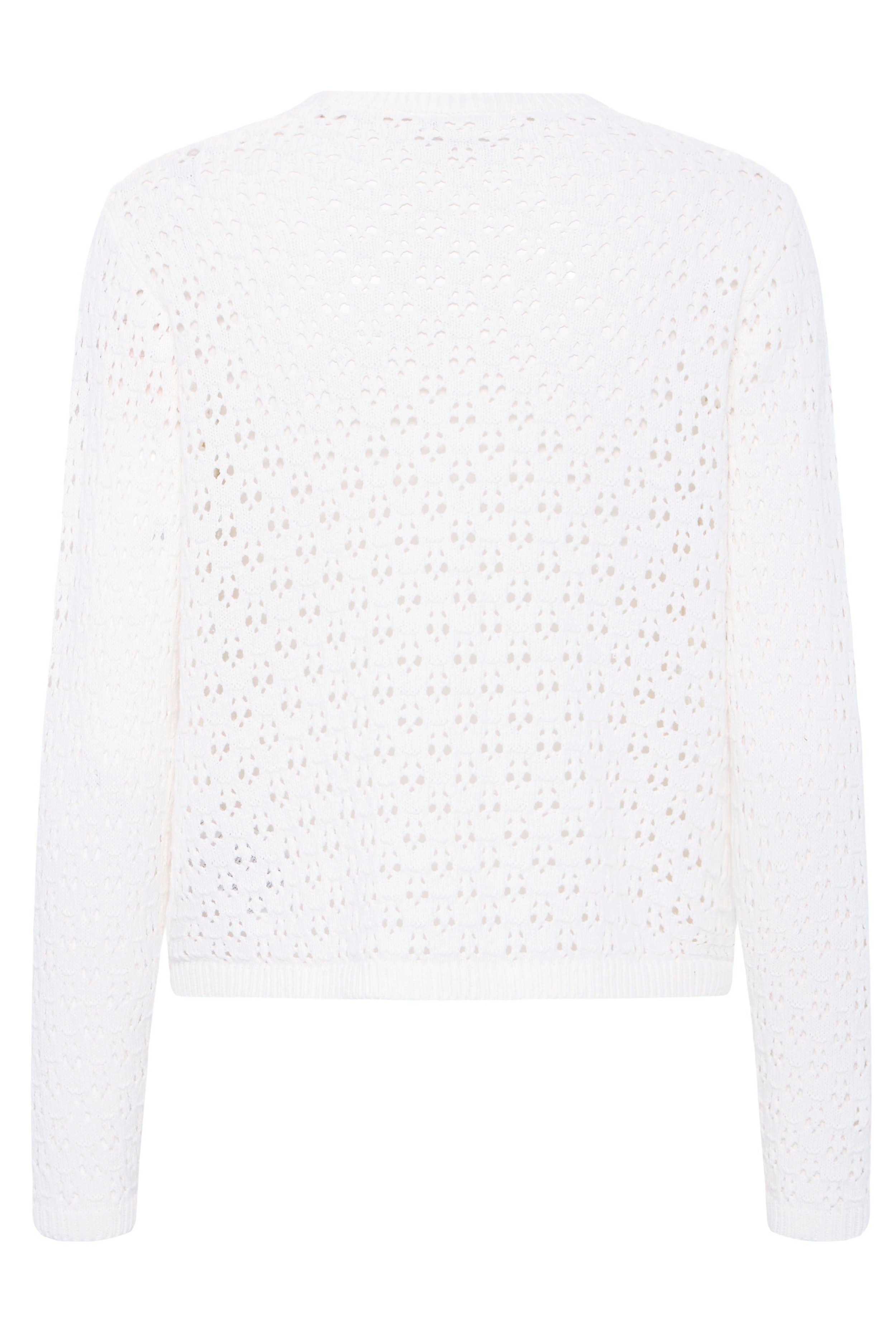 BYNAJO Cardigan PACK BACK 20816828-114300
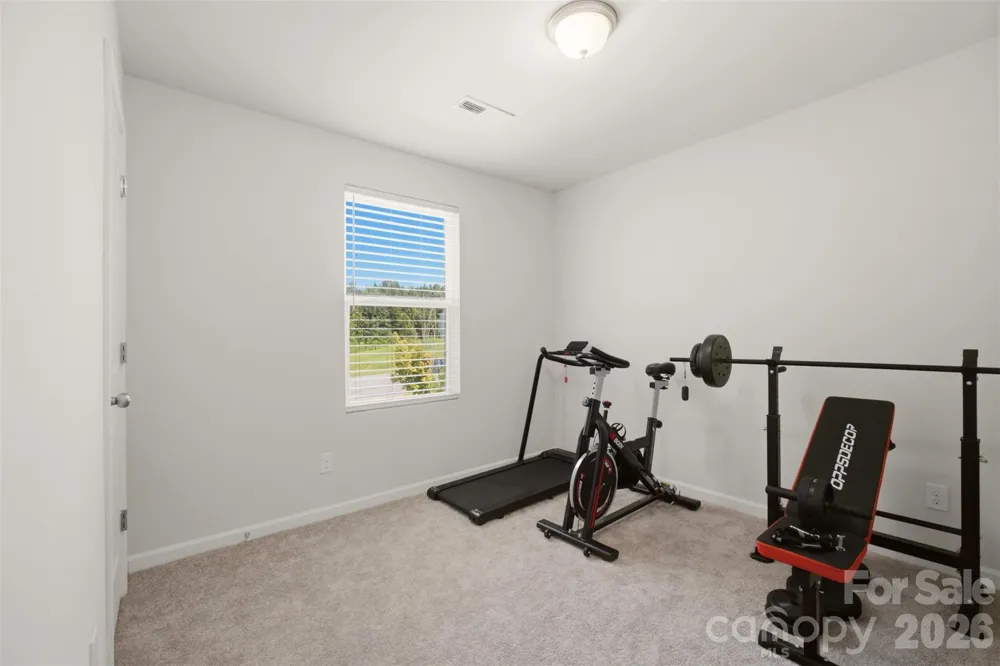 181 Four Andrews Drive Harmony, NC 28634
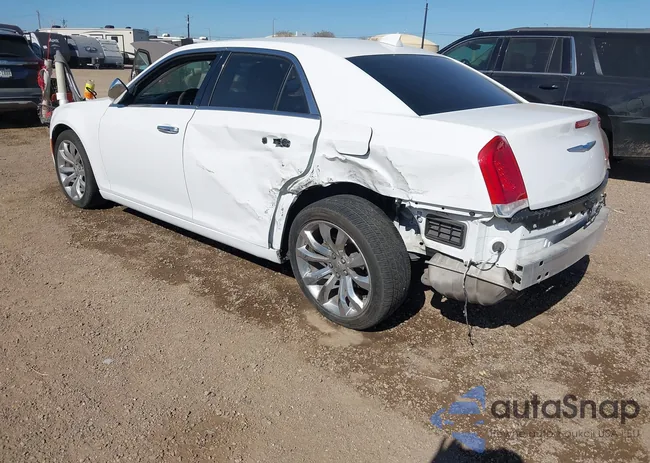 2C3CCAEG4KH628873: 44184676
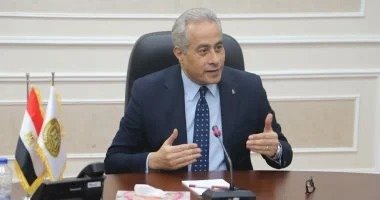 مبادرة "سلامتك تهمنا" تنشر ثقافة الصحة المهنية فى المنشآت الحكومية بالمنيا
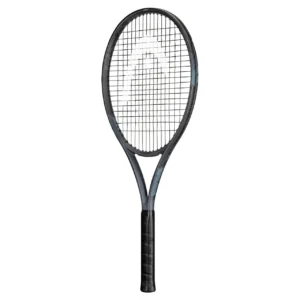 Vợt Tennis Head IG Challenge MP (270gr)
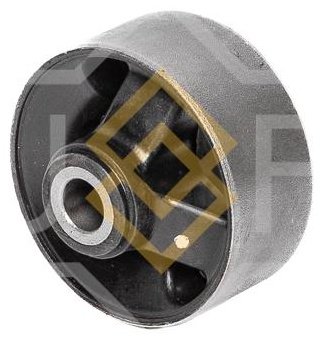 Sufix сайлентблок дифференциала SL2335 - ForteMarket Sufix сайлентблок дифференциала SL2335 купить,NaN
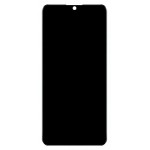 Lcd Screen For Huawei P Smart Plus 2019 Replacement Display By - Maxbhi Com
☆ ☆ ☆ ☆ ☆
WHAT IS REQUIRED: A word-for-word copy of the listing is needed, with no pictures in it.

PROBLEM SOLUTION:
 BYNAJO Cardigan PACK BACK 20816828-114300
 181 Four Andrews Drive Harmony, NC 28634
 2C3CCAEG4KH628873: 44184676
 مبادرة "سلامتك تهمنا" تنشر ثقافة الصحة المهنية فى المنشآت الحكومية بالمنيا
 Vợt Tennis Head IG Challenge MP (270gr)
 Sufix сайлентблок дифференциала SL2335 - ForteMarket Sufix сайлентблок дифференциала SL2335 купить,NaN
 Lcd Screen For Huawei P Smart Plus 2019 Replacement Display By - Maxbhi Com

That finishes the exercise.